= Your instructions =
Answer with the exact lines of the following material from the one containing "a bedroom with" through the one containing "innocent mind. Small", both end lines included.

= Dataset =
______________________________

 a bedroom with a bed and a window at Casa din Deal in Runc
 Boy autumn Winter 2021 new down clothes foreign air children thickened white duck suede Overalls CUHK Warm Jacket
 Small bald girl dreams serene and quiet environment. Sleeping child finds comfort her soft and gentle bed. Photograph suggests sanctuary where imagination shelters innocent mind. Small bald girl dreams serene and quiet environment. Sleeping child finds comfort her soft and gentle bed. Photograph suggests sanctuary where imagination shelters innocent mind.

______________________________

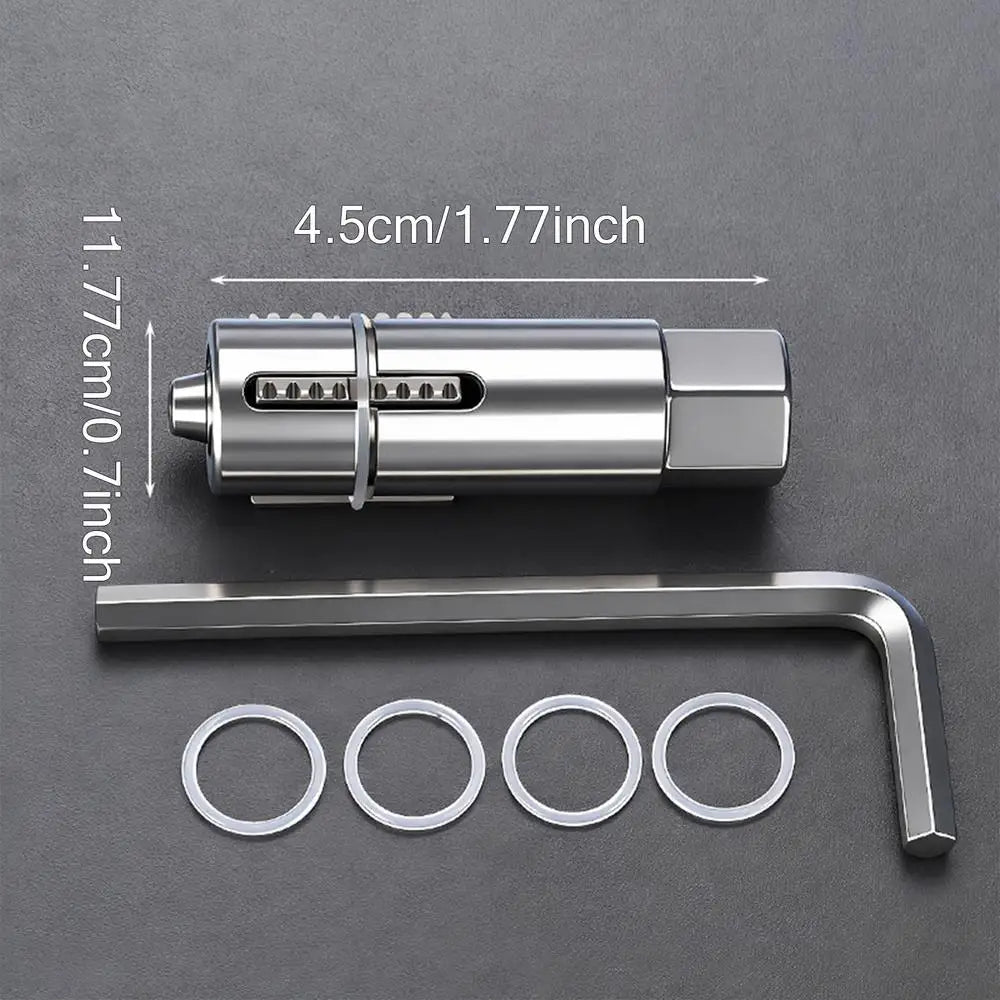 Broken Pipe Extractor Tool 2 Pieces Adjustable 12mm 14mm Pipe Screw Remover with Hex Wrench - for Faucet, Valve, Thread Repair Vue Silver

______________________________

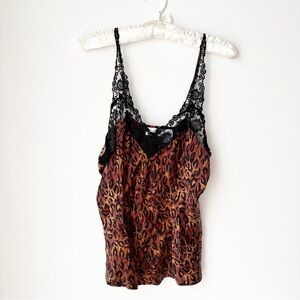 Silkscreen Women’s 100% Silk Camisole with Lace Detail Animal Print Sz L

______________________________

= Response =
 a bedroom with a bed and a window at Casa din Deal in Runc
 Boy autumn Winter 2021 new down clothes foreign air children thickened white duck suede Overalls CUHK Warm Jacket
 Small bald girl dreams serene and quiet environment. Sleeping child finds comfort her soft and gentle bed. Photograph suggests sanctuary where imagination shelters innocent mind. Small bald girl dreams serene and quiet environment. Sleeping child finds comfort her soft and gentle bed. Photograph suggests sanctuary where imagination shelters innocent mind.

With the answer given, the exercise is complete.